[llvm] [llvm-gsymutil] Replace truncated DWARF names with mangled names from symbol table (PR #184221)

via llvm-commits llvm-commits at lists.llvm.org
Mon Mar 2 19:56:52 PST 2026


llvmbot wrote:


<!--LLVM PR SUMMARY COMMENT-->

@llvm/pr-subscribers-debuginfo

Author: None (thechenli)

<details>
<summary>Changes</summary>

## Summary
  - During `GsymCreator::finalize()`, when deduplicating entries with the same address range, check if the DWARF
  entry's name is a truncated version of the symbol table's mangled name
  - If the DWARF name is a substring of the demangled symbol table name, replace it with the full mangled name
  before discarding the symbol table entry
  - This allows downstream tools to properly demangle and display full function signatures

  ## Test plan

  ### Unit tests
  - `TestMangledNameReplacement`: Verifies DWARF name `make_ftype` is replaced with `_Z10make_ftypePci` and line
  table is preserved
  - `TestMangledNameReplacementNegative`: Verifies no replacement when both names are mangled, or when names are
  unrelated
  - All 51 GSYM unit tests pass

  ### Lit test
  - `elf-mangled-name-replacement.yaml`: End-to-end test creating an ELF with DWARF + symbol table, converting to
  GSYM, and verifying the output
  - All 9/9 applicable GSYM lit tests pass (6 unsupported are ARM/macOS tests on x86_64 Linux)
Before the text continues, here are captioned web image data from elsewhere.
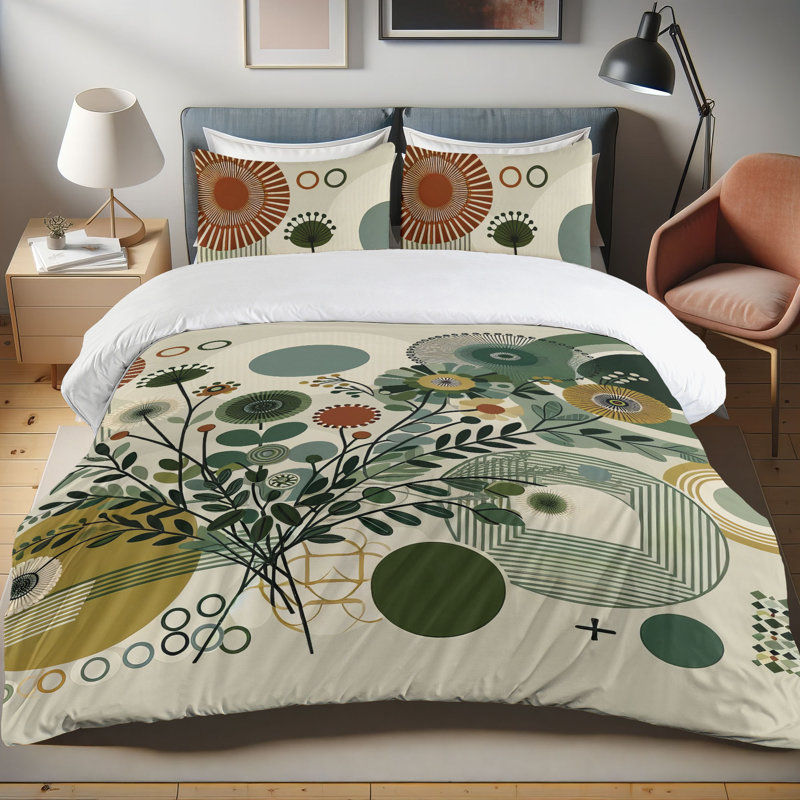 Geometric Shapes Duvet Cover, Twin Duvet Cover + 1 Standard Sham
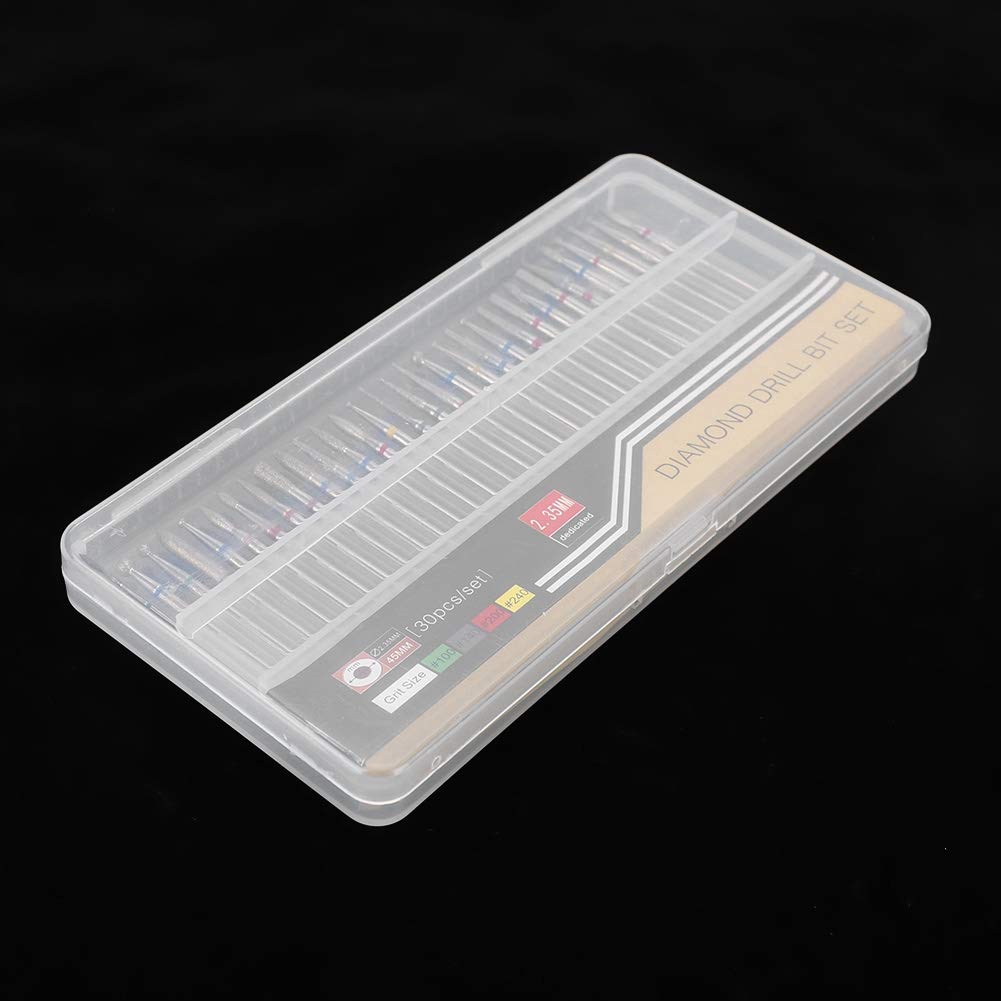 30pcs Nail Drill Bits, Russian Cuticle Nail Drill Bit Set Electric Drill Bit Set for Nails Manicure Pedicure, Nail Polish Drill Head Bits Home Salon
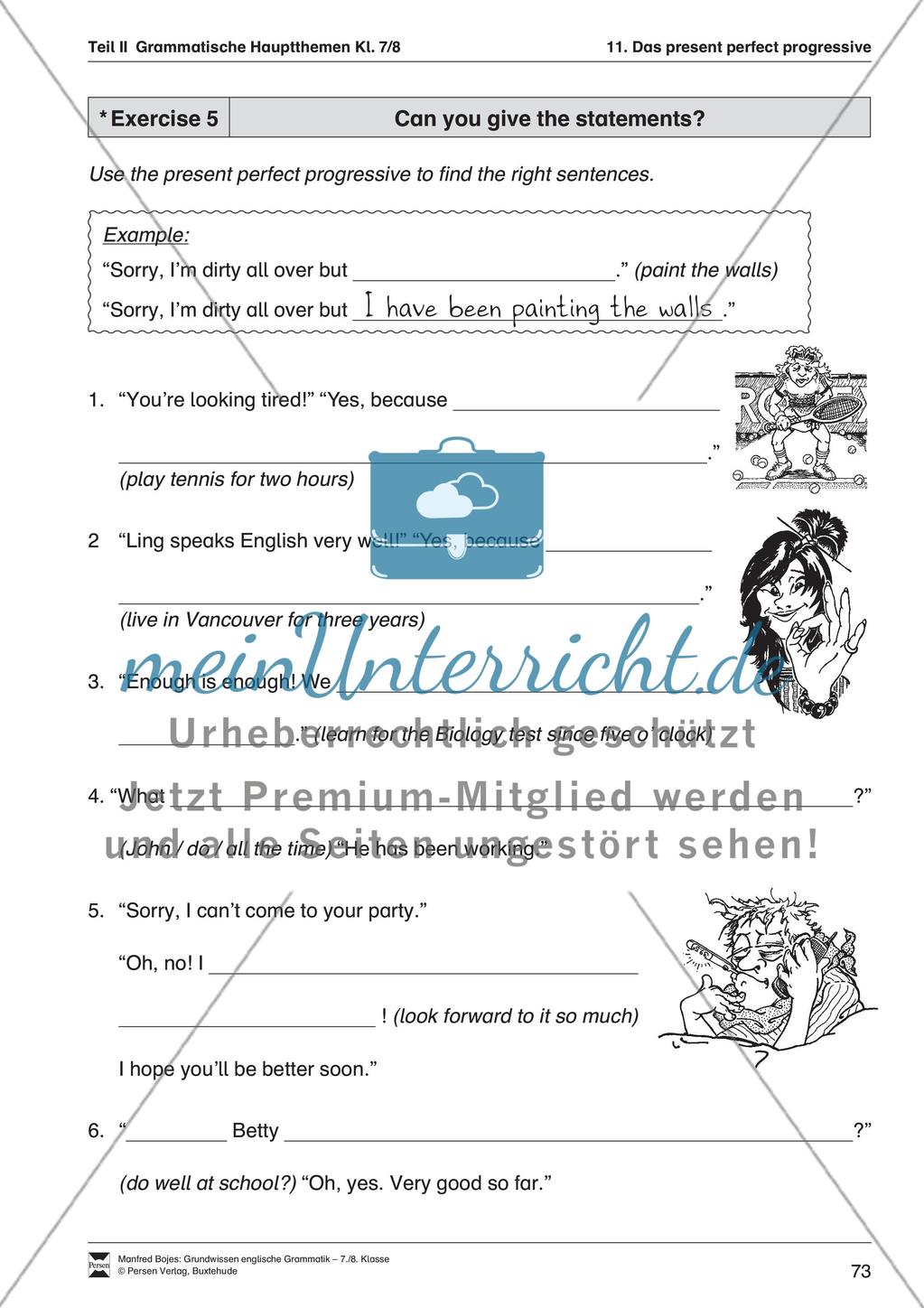 Das present perfect progressive Preview 5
  ### Manual end-to-end testing

 Created ELF binaries with `yaml2obj` containing both DWARF debug info and symbol table entries for the same      
  function, then converted to GSYM with `llvm-gsymutil --convert` and verified the output with `llvm-gsymutil`     
  dump.

  **Test 1: Name replacement happens when DWARF name is truncated**
  - DWARF has function named `make_ftype` with line table at `0x401000`
  - Symbol table has `_Z10make_ftypePci` (demangles to `make_ftype(char*, int)`) at same address
  - After conversion, GSYM output shows: `"_Z10make_ftypePci"` with line table preserved ✅

  **Test 2: No replacement when names are unrelated**
  - DWARF has function named `unrelated_func` with line table at `0x401000`
  - Symbol table has `_Z10make_ftypePci` at same address
  - After conversion, GSYM output shows: `"unrelated_func"` — name unchanged ✅

  **Test 3: Replacement works with namespaced functions**
  - DWARF has function named `make_ftype` with line table at `0x401000`
  - Symbol table has `_ZN12_GLOBAL__N_110make_ftypeEPci` (demangles to `(anonymous namespace)::make_ftype(char*,
  int)`) at same address
  - After conversion, GSYM output shows: `"_ZN12_GLOBAL__N_110make_ftypeEPci"` with line table preserved ✅

---
Full diff: https://github.com/llvm/llvm-project/pull/184221.diff


5 Files Affected:

- (modified) llvm/include/llvm/DebugInfo/GSYM/FunctionInfo.h (+9) 
- (modified) llvm/include/llvm/DebugInfo/GSYM/GsymCreator.h (+11) 
- (modified) llvm/lib/DebugInfo/GSYM/GsymCreator.cpp (+39) 
- (added) llvm/test/tools/llvm-gsymutil/X86/elf-mangled-name-replacement.yaml (+133) 
- (modified) llvm/unittests/DebugInfo/GSYM/GSYMTest.cpp (+105)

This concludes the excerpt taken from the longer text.